Through the mandatory exercise of the annual review of the ECP [exposure control plan], employers are required to evaluate workplace exposures to bloodborne hazards and make changes to their ECP which include the consideration and implementation of new technology – safer medical devices and safe work practices – where feasible. This requirement was stated in the preamble to the standard in 1991, and also reiterated in the 1992 compliance directive.

OSHA's Compliance Directive on Bloodborne Pathogens and the Prevention of Needlestick Injuries, Hearings on H.R. 5178 Before the Subcomm. on Workforce Protections of the House Education and the Workforce Comm., 106th Cong. (2000) (statement of Charles L. Jeffress, Assistant Secretary, OSHA), MetWest's Br., Add. at 26. The statutory codification of an existing administrative requirement cannot reasonably be read as precluding the Secretary's enforcement of the specific requirements of the removal provision. (App. at 351.)

    Second, MetWest's argument presumes that in the 1990s OSHA interpreted the removal provision to permit use of reusable blood tube holders, and that, in the Needlestick Act, Congress tacitly approved that interpretation. In fact, the only "interpretation" of the removal provision that OSHA has made, from the 1990s to the present, has been to follow the provision's plain meaning, which bans removal of contaminated needles, except where the employer can demonstrate that no alternative is feasible or removal is medically necessary.
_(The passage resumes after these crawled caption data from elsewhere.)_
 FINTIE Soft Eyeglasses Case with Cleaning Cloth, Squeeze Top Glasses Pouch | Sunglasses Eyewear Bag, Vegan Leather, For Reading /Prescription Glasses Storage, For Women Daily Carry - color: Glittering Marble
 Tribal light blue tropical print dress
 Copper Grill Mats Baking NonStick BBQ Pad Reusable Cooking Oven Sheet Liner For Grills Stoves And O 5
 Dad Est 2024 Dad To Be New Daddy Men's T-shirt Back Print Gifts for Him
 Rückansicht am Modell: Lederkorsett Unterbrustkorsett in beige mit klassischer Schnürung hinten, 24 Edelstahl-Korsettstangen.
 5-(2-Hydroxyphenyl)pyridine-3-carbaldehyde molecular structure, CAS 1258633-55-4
Tacit approval of the plain meaning of the removal provision would prohibit, not permit, the use of reusable blood tube holders. As the Commission found, OSHA permitted the use of such devices under the exceptions clause of the removal provision as a matter of enforcement policy. (App. at 360.) There is no basis for reading the Act as prohibiting the Secretary from enforcing the removal provision's ban on the use of reusable blood tube holders. [11]

  1. MetWest also contends that, in selecting its reusable blood tube holder, it complied with the Needlestick Act by selecting a reusable blood tube holder, a safer device than the single-use blood tube holder that the Secretary requires. MetWest's Br. at 28-29. This contention is unfounded. There is nothing in the Needlestick Act that permits employers to ignore the specific requirements of the removal provision, and employers may not substitute their own judgment for the express requirements of an OSHA standard. Fluor Daniel v. Occupational Safety & Health Review Comm'n, 295 F.3d 1232, 1240 (11th Cir. 2002).
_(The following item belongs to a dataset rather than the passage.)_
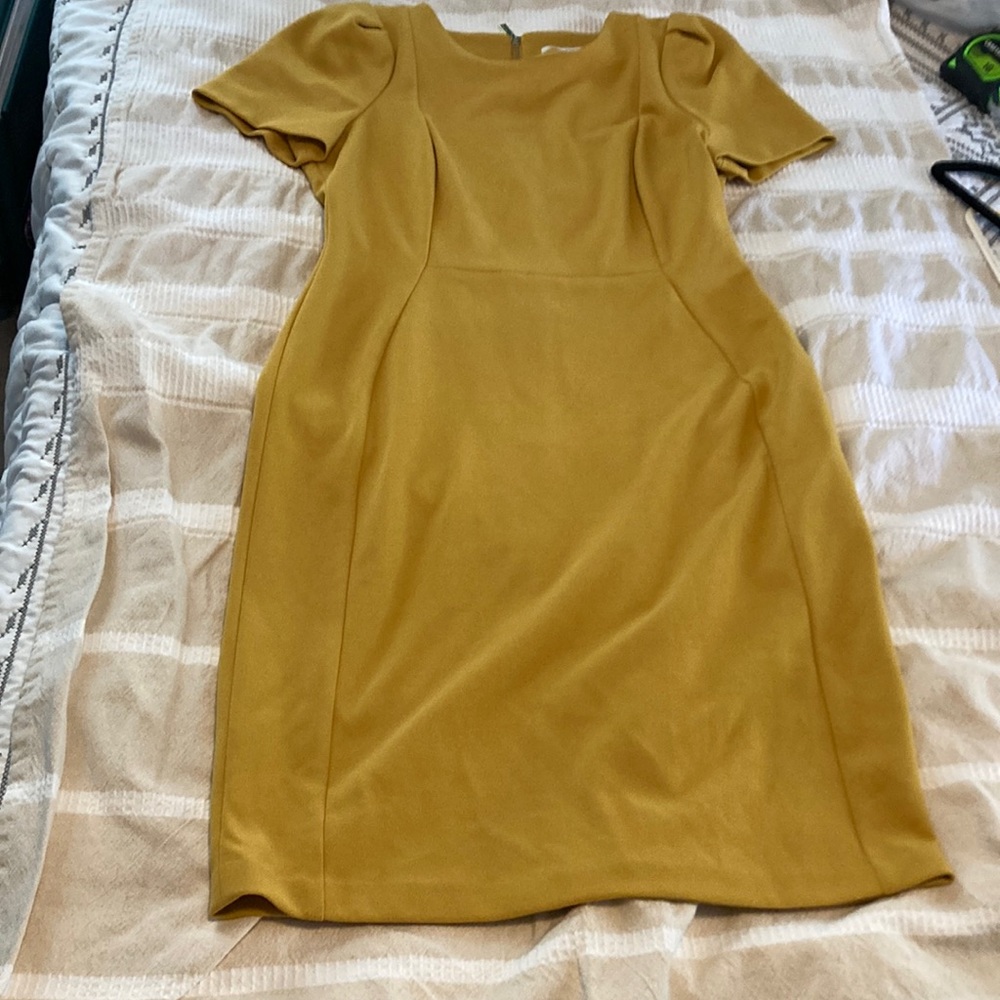 Calvin Klein Yellow Puff Sleeve Sheath Dress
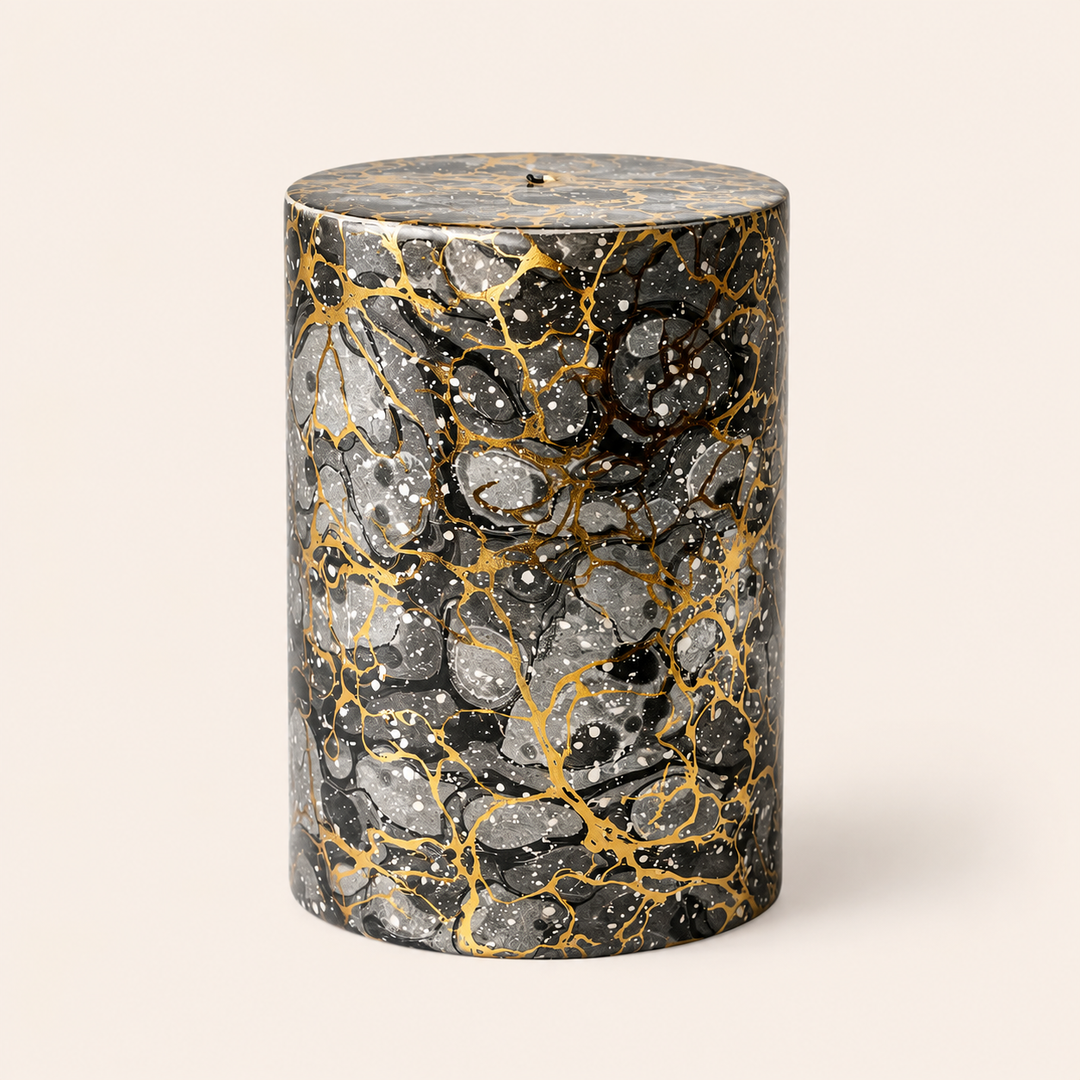 Shop the Black Grey &amp; Gold Garden Stool, a striking decorative accent for stylish indoor and outdoor spaces.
    If MetWest really believed that its reusable blood tube holder was safer than a single-use device, the company could have applied for a variance from the standard. OSH Act, 29 U.S.C. § 655(d). Since MetWest did not do so or contend that requesting a variance would have been futile, (App. at 352), the company cannot excuse its violation of the removal provision by arguing that its medical device was safer and that therefore the Needlestick Act required the company to commit the violation.

    In any event, MetWest has not proved that the reusable blood tube holder is safer than the single-use holder. MetWest's parent company, Quest Diagnostics, operates about 400 patient service centers in California that use the single-use blood tube holder, and MetWest's own witness conceded there is no meaningful statistical difference between the rate of needle stick injuries at those facilities and the rate of such injuries at Quest facilities, such as MetWest, that use reusable devices. (App. at 263-64, 339-41, 348). [12]

    The record also contains studies showing that the reusable holders are more dangerous than single-use holders (App. at 100, 158-62, 166-67). Based in part on these and other studies, the Secretary has repeatedly found that blood tube holders should not be reused. Preamble to the Final Rule, 56 Fed. Reg. 64,004, 64,118 (1991); (App. at 105, 119-20, 122-24.) Therefore, MetWest has not established that its reusable blood tube holder is a safer medical device.

CONCLUSION

    For these reasons, the court should affirm the Commission's final order affirming the violation of 29 C.F.R. § 1910.1030(d)(2)(vii) (A) and assessing a penalty of $1,875.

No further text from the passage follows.